Aim of the exercise: No pictures belong in the answer. Repeat all the entries exactly.

Dataset excerpts:
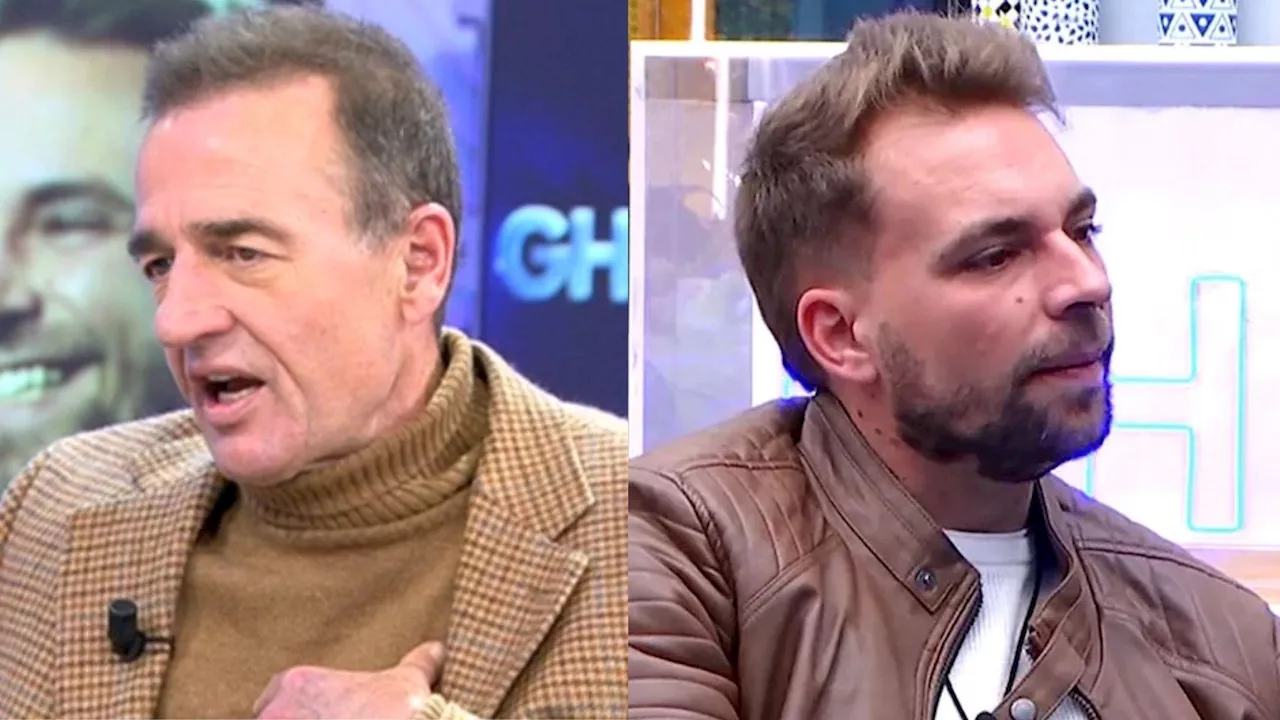 Alessandro Lequio se revuelve contra José María Almoguera y su inesperado beso en 'GH DÚO': 'Necesita protagonismo'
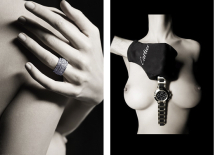 Client: Cartier gallery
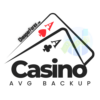 Casino AVG BACKUP EA Logo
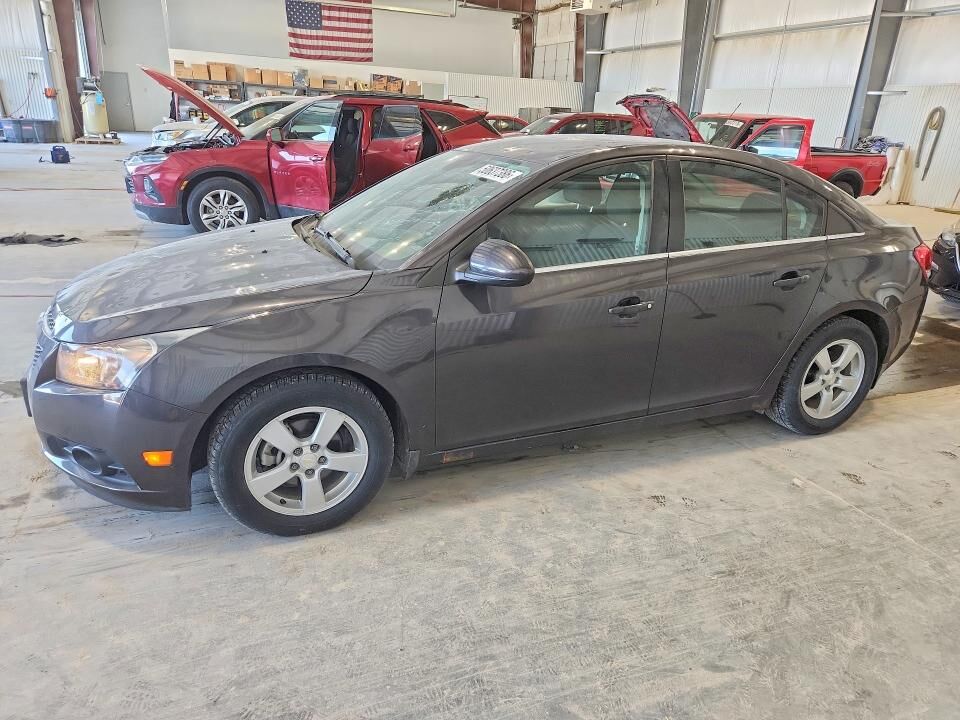 2014 CHEVROLET Cruze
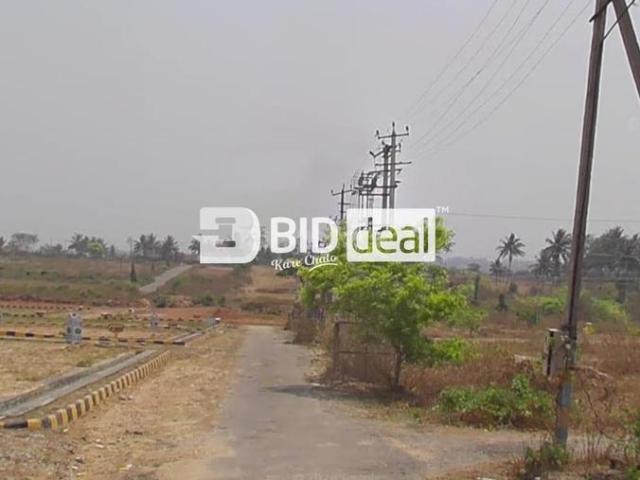 Residential Plot in Thavarekere for resale Bengaluru. The reference number is 21026006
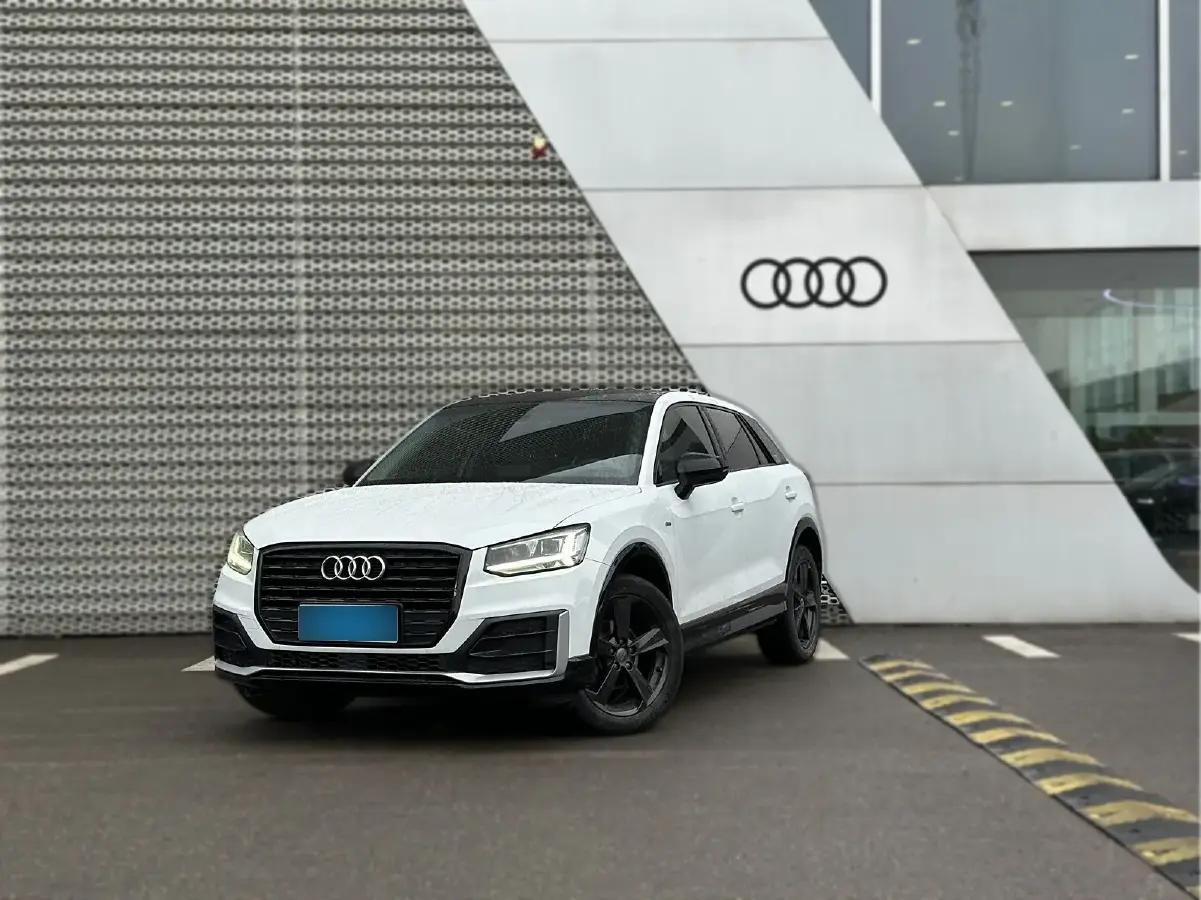 2018 Audi Q2L 1.4T 150HP L4 7DCT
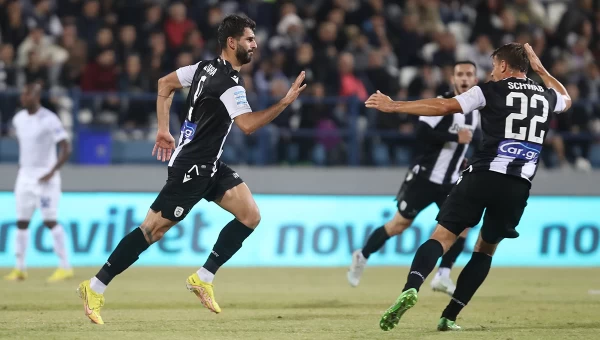 Ο ΠΑΟΚ πέρασε... αέρα από τη Νεάπολη [vids]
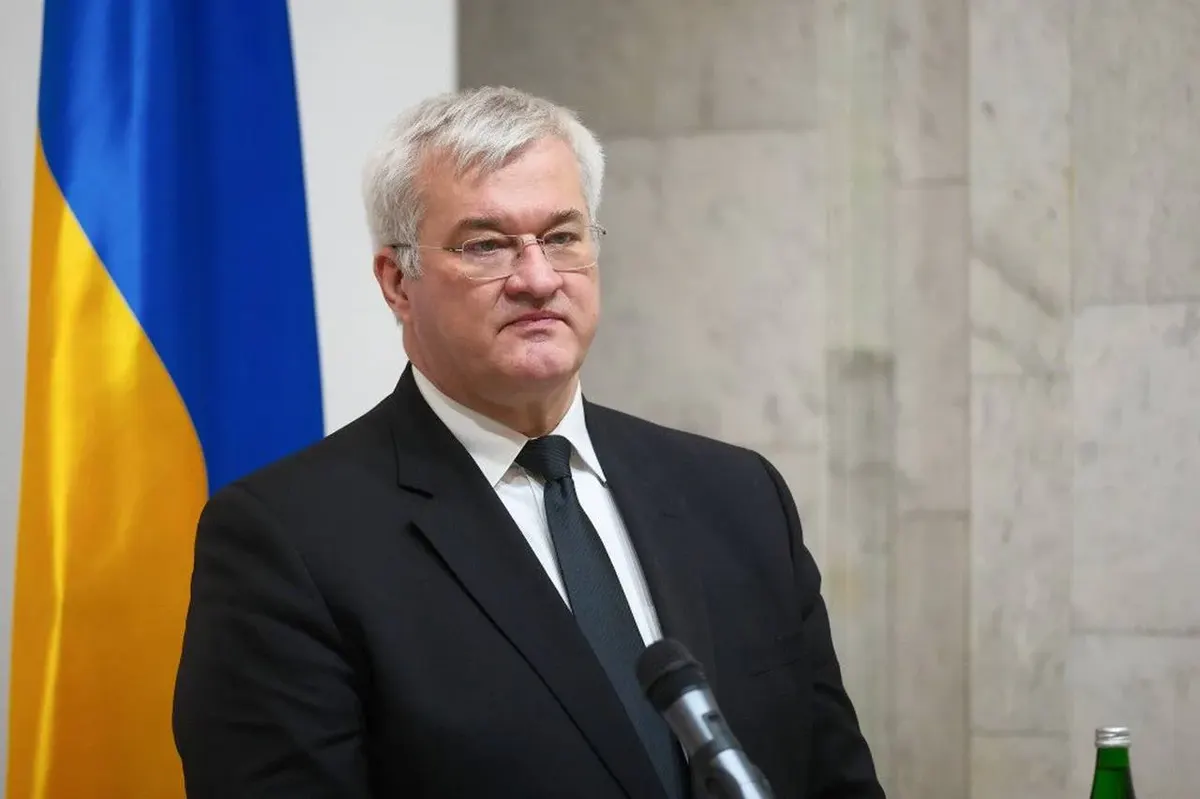 Сибіга: Росія веде в Європі кампанію з дезінформації через фото із Сеути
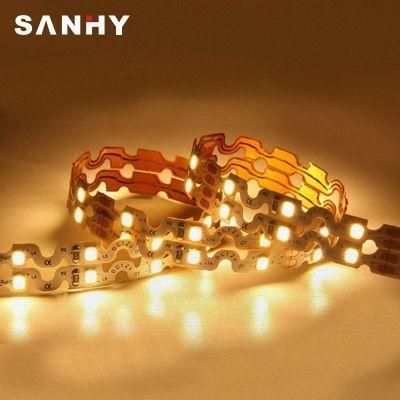 Ultra Thin LED Strip Bendable S Shape LED Strip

Exercise answer:
 Alessandro Lequio se revuelve contra José María Almoguera y su inesperado beso en 'GH DÚO': 'Necesita protagonismo'
 Client: Cartier gallery
 Casino AVG BACKUP EA Logo
 2014 CHEVROLET Cruze
 Residential Plot in Thavarekere for resale Bengaluru. The reference number is 21026006
 2018 Audi Q2L 1.4T 150HP L4 7DCT
 Ο ΠΑΟΚ πέρασε... αέρα από τη Νεάπολη [vids]
 Сибіга: Росія веде в Європі кампанію з дезінформації через фото із Сеути
 Ultra Thin LED Strip Bendable S Shape LED Strip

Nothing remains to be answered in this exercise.